LTLA / batchelor

Clone of the Bioconductor repository for the batchelor package.
https://bioconductor.org/packages/devel/bioc/html/batchelor.html
16 stars 7 forks source link

semi-supervised fastMNN correction #49

Open julien-roux opened 3 months ago

julien-roux commented 3 months ago

(First, thanks Aaron for the development and maintenance of this awesome package!)

After reading this preprint, I was wondering if there would be the possibility for such a semi-supervised correction with fastMNN()?

For example filtering MNN pairs could be done based on the prior annotation of different batches, based on the labels inferred from a SingleR run, based on the matching clusters after a clusterMNN() run... What do you think?

LTLA commented 3 months ago

I'm trying to remember, but a long time ago, we might have had similar thoughts. It would be theoretically easy to implement; just restrict the MNN pair formation to cell populations with the same annotation across batches and proceed with the rest of the algorithm. I could see how this could improve correction performance by avoiding the formation of MNN pairs between the wrong populations.

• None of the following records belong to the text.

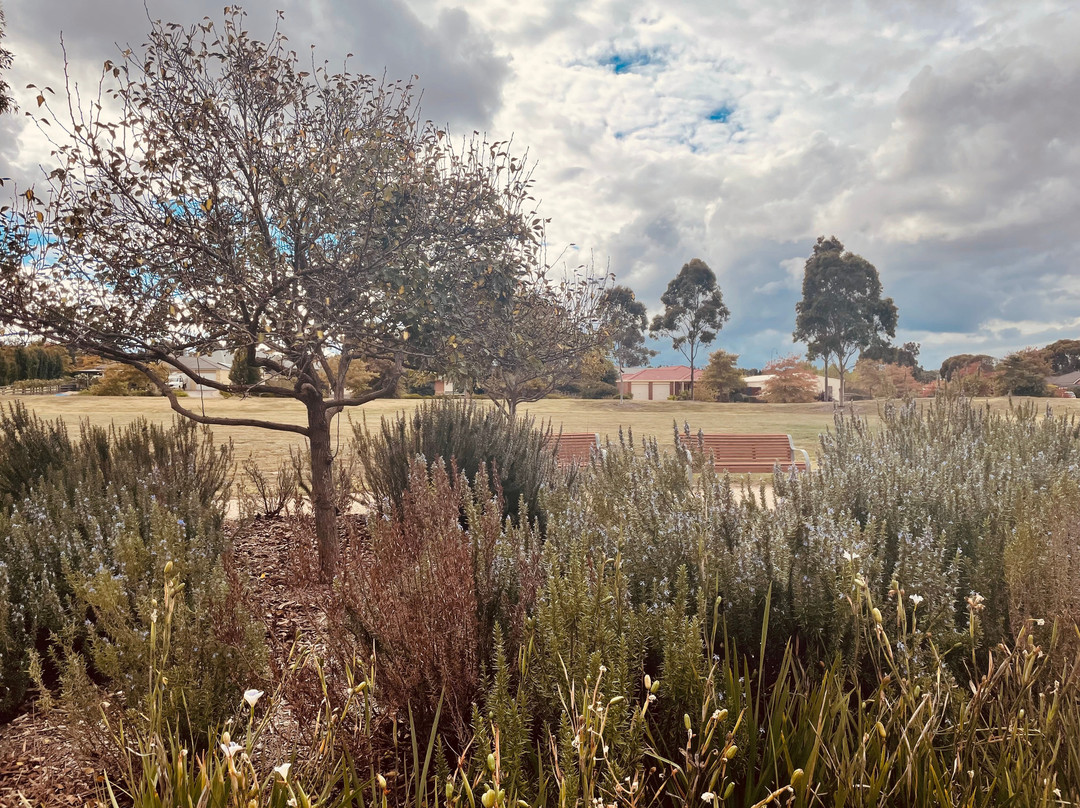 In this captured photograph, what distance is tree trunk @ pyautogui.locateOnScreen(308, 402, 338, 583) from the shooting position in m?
4.84

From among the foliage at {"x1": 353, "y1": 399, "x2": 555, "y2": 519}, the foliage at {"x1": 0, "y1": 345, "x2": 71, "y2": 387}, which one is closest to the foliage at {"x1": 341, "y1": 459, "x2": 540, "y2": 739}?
the foliage at {"x1": 353, "y1": 399, "x2": 555, "y2": 519}

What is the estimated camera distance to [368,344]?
467 centimetres

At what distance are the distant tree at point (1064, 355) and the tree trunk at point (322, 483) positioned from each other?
48.4 m

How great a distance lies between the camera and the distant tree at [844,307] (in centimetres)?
3688

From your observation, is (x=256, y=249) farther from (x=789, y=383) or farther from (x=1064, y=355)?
(x=1064, y=355)

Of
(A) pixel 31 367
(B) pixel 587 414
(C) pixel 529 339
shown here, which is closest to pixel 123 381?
(A) pixel 31 367

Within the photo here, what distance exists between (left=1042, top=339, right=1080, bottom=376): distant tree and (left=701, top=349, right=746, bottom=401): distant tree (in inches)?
752

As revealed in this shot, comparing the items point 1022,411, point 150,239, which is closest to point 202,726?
point 150,239

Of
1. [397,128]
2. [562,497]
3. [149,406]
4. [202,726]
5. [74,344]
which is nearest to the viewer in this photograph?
[202,726]

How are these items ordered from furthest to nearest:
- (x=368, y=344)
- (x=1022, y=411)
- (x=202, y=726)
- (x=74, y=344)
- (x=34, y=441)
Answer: (x=1022, y=411) < (x=34, y=441) < (x=368, y=344) < (x=74, y=344) < (x=202, y=726)

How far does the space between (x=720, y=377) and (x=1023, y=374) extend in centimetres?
1509

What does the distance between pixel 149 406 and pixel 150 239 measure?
23.6m

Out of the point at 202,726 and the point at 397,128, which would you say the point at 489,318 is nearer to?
the point at 397,128

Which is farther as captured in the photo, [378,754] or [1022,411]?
[1022,411] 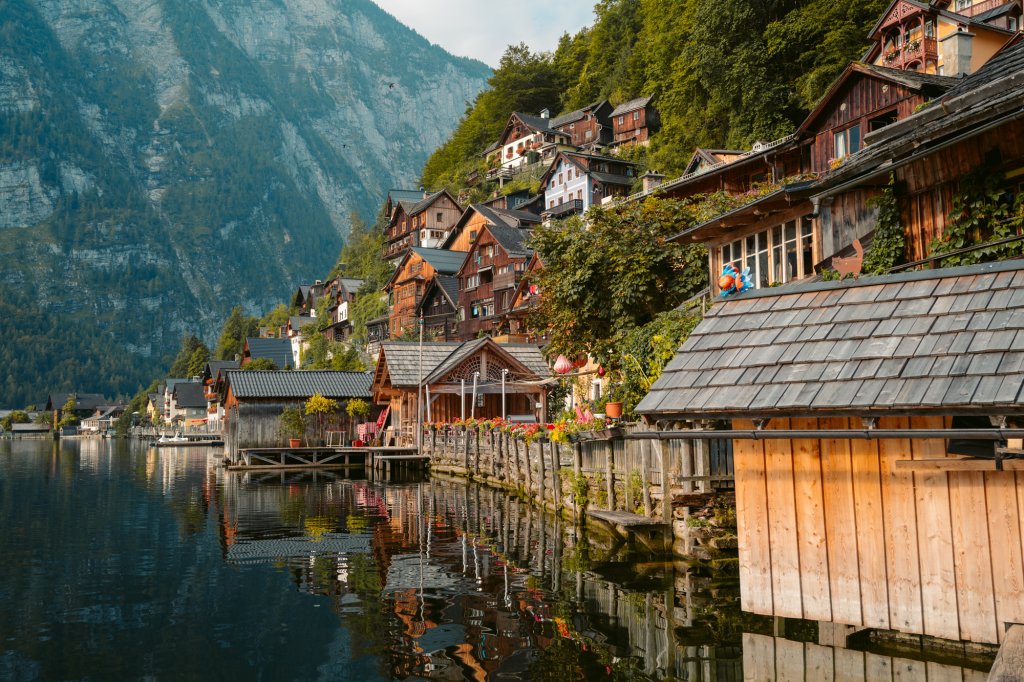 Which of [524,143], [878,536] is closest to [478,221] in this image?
[524,143]

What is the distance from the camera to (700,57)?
67500mm

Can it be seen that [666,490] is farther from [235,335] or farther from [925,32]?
[235,335]

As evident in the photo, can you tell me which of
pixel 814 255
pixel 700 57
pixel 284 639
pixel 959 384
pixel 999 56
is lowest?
pixel 284 639

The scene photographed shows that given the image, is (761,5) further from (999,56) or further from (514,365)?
(999,56)

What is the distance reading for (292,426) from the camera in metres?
54.8

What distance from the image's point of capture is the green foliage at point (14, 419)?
609ft

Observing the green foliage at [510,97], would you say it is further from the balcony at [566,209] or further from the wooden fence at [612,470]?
the wooden fence at [612,470]

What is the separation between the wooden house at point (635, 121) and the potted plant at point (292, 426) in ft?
190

In practice, this was less useful than it seemed. People don't usually come into the analysis with existing annotations for the individual batches, at least not for their own experimental data. After all, the whole point of the batch correction step is to get everything on the same coordinate system so that you only have to do clustering and annotation once; if we already had consistent labels for each batch, we would never need to compute corrected values for the rest of our analysis. Other than to generate artworks like UMAP/t-SNE, perhaps, but I don't think those have much scientific value.

I guess that this functionality might have some appeal for secondary analyses of published datasets that have already been annotated. However, this leads to another problem, which is the harmonization of labels across datasets from different authors. Some poor soul has to go through each combination of datasets and decide which labels match up between them; easy enough for the major cell types, but difficult for the more ambiguous subtypes that might have differing terminology/definitions across the community. Making a mistake here would encourage the formation of the wrong MNN pairs - and frankly, if you already know which cell types match up between datasets, you can probably just proceed with the rest of your meta-analysis without computing corrected values (artistic endeavors aside).

In the end, I must have decided against putting in this functionality. Nonetheless, batchelor still contains a vestige of this line of thought, in the form of the restrict= argument to some of the functions. This was put there when I thought cell controls were going to definitely be a thing; it restricts the MNN pair formation to the control subpopulation within each batch, thus encouraging more accurate correction by focusing on the controls that must be the same across batches. Nowadays I think it's fair to say that no one cared about cell controls and restrict= was not a helpful option.

julien-roux commented 3 months ago

Yes I think you have fair points, thanks for your input!